Aber genauso wie wir per Abstraktion Verkäufer- und Käufertypen klassifizieren können, ist es auch möglich Wähler und politische Handelnde zu profilen sowie die politische Sensorik zu entschlüsseln und entsprechende Handlungs- und Denkmuster zu identifizieren und abzugleichen. Dazu bedienen wir uns unseres gesunden Menschenverstandes, also den individuellen Erfahrungswerten, und vielen wissenschaftlichen Erkenntnissen aus der Verhaltens- sowie aus der Hirnforschung.

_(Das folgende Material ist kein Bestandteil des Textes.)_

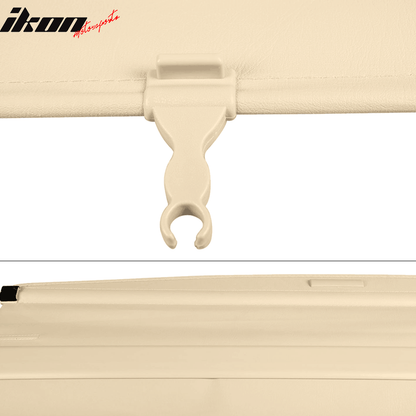 2002-2006 Honda CRV Rear Security Luggage Cargo Cover Privacy Shade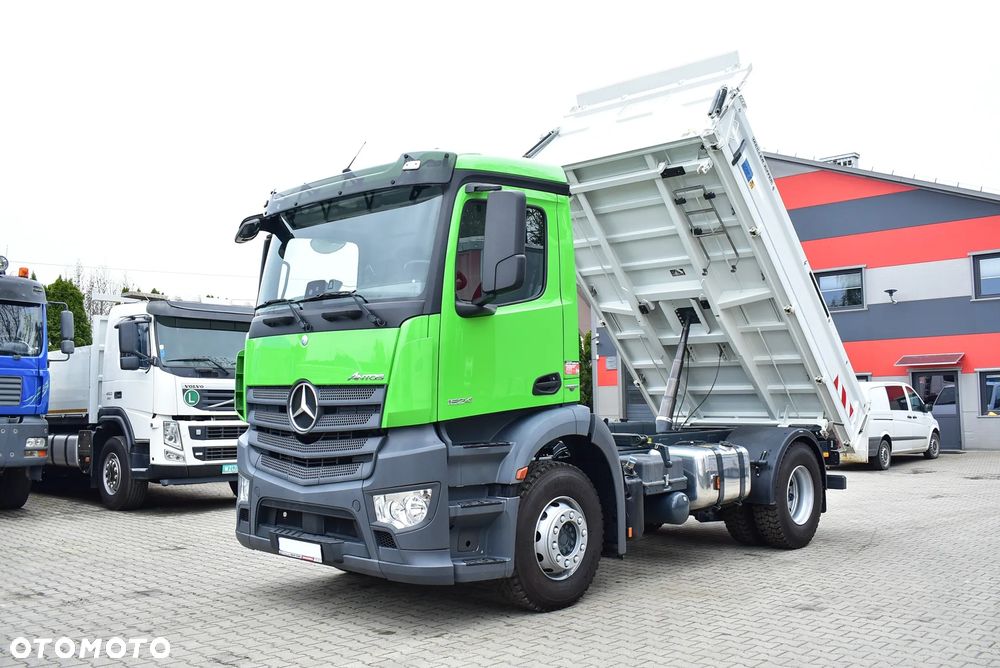 Mercedes-Benz Antos 1824 Wywrotka 3-Str. *Meiller-Kipper *Euro6 *  Sprowadzony z Niemiec !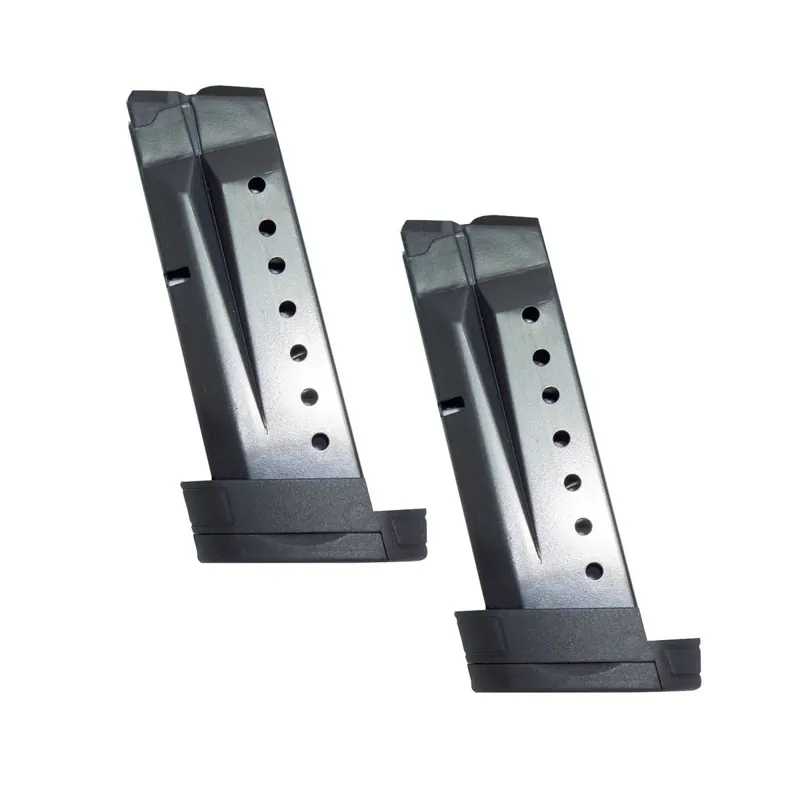 Beperkt Aanbod ProMag (2-pack) Smith & Wesson Shield 9 mm, 8-schots magazijn, S&W SMI 27, blauw staal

Im Mittelpunkt eines jeden Verkaufsprozesses steht natürlich immer das Produkt oder die Dienstleistung selbst – das/die allein schon durch seine/ihre physische und „geistige“ Existenz kommuniziert. Farbe, Form, Material, Konsistenz, Funktionalität, Nutzen, Kontext, Sinngebung, das alles sind Informationen über das Produkt, die unser Gehirn wahrnimmt, verarbeitet, mit Erfahrungen abgleicht und so speichert, dass sie unbewusst oder bewusst erinnert werden können.
Darauf, was unser Gehirn speichert, haben wir weder Einfluss noch bewussten Zugriff. Alles was uns allgemein emotional berührt, was uns in der jeweiligen Situation als hilfreich erscheint und was unserem Denken und Handeln einen persönlichen Sinn zu geben scheint, wird ins Langzeitgedächtnis transportiert. Wobei das Wort Langzeitgedächtnis wahrscheinlich eine unzulässige Vereinfachung der Funktionsweise des menschlichen Gedächtnisses darstellt, weil wir noch nicht wirklich eine Ahnung haben, wie das genau funktioniert.
Wenn also Verkaufsratgeber und Verkaufstrainer uns darauf trimmen wollen, in der jeweiligen Verkaufssituation diesen oder jenen Verkaufstrick anzuwenden, ist das natürlich viel zu kurz gegriffen. Letztendlich entscheiden nicht die Empathie, die Überzeugungskraft oder die Fragetechnik des Verkäufers über den Verkaufsabschluss. Der Verkauf beginnt sehr viel früher – schon mit der Entstehung des Produktes, der Dienstleistung, der Marke.